Replication Between Pools Causes Corruption
Description
Problem/Justification
Impact
Activity
William Gryzbowski September 8, 2022 at 6:30 PM
Unfortunately we dont have resources to try ourselves.
It seems we had reports of related panics being fixed for 22.02.3.
If wants to investigate it still, please reopen, otherwise I am closing this until we see another occurrence.
Thanks.
Jacob McDonald August 31, 2022 at 8:26 PM
Sorry, I neglected to include the link in the original post, or maybe the link was somehow cleared. I no longer seem to have access to the account I used to post this bug… I can’t login with any of the email addresses I would have used. Anyway, new account here, same person.
Please see the forums post, and comment #45 has links to the affected datasets.
I no longer have the affected zpool, as commented here earlier, so I’m unsure if 22.02.3 would have fixed anything. Hopefully you can replicate (pun intended?) the bug from the datasets I attached in the forum post.
William Gryzbowski August 31, 2022 at 7:30 PM
Which forum link? I dont see any?
Also wondering if this could be replicated with latest (22.02.3).
Jacob McDonald February 28, 2022 at 3:08 PM
Hi , I was running RC2 at the time, and am now running RELEASE.
I have added the debug attachment as requested, but please note as I said in the original comment, that I no longer have the troublesome zpool or datasets. But the forums comments I linked have download links to the original dataset that can be used to reproduce the problem.
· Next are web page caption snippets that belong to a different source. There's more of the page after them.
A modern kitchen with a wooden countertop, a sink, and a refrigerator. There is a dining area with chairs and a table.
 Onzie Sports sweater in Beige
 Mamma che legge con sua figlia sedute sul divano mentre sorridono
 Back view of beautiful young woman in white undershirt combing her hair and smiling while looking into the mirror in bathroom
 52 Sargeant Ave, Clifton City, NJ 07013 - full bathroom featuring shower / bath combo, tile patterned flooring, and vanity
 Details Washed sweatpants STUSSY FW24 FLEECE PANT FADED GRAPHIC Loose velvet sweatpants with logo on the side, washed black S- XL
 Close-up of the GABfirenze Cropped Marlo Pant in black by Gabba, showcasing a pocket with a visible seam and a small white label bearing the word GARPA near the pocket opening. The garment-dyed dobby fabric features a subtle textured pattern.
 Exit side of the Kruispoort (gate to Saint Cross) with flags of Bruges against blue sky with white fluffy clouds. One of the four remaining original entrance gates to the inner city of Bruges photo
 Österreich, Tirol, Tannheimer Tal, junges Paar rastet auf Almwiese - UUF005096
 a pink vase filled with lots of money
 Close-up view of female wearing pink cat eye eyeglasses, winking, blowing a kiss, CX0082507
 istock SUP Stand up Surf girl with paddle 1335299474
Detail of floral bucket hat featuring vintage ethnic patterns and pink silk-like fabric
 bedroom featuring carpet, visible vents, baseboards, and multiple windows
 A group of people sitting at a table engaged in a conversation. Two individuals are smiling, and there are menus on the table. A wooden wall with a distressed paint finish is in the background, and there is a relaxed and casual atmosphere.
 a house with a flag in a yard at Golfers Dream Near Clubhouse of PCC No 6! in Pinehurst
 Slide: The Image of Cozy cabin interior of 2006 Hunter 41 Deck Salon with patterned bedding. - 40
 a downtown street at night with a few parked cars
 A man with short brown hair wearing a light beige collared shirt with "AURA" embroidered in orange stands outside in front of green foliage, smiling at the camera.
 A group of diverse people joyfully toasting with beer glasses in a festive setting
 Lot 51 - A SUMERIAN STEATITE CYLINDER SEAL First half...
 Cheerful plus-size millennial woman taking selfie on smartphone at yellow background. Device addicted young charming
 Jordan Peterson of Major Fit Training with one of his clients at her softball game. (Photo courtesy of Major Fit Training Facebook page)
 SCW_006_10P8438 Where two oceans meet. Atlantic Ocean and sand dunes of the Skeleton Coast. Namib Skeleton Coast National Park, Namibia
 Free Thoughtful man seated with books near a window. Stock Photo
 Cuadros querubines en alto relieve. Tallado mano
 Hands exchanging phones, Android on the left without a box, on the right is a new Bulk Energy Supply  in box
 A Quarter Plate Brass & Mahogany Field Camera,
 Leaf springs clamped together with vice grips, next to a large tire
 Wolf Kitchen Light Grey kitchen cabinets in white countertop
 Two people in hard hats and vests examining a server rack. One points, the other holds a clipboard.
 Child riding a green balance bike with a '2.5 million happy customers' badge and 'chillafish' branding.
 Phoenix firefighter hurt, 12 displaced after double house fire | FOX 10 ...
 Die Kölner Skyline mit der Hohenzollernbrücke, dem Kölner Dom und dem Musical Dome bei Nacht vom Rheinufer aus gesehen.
This seems to be a ZFS problem, not TrueNAS.
Thanks!
Bonnie Follweiler February 28, 2022 at 2:29 PM
Thank you for the report, .
What version of SCALE are you running on the systems you are using for replication?
Can you please attach a debug file to the "Private Attachments" section of this ticket? To generate a debug file on TrueNAS SCALE, log in to the TrueNAS web interface, go to System Settings > Advanced, then click SAVE DEBUG and wait for the file to download to your local system.
Hi iX!
I had a problem with TN SCALE replication causing corruption. After working with a few folks from the community, we determined the problem is that lz4-compressed data is not decompressed before presentation to the user.
I have attached datasets that can be used for reproducing the issue in the post .
I no longer have the original zpool that contained these datasets, as I only encountered this ZFS bug when trying to replicate the contents away in order to refactor the zpool. I have since accomplished this. But the datasets linked in comment #50 can repro the problem 100%.
Hopefully you can work with the OpenZFS team to get to the bottom of this before anyone else runs into it without realizing it! I expect this is some decompression bug that could be patched to allow the data to be recovered, too.
Thanks again for an awesome product, and please do reach out if I can be of further assistance!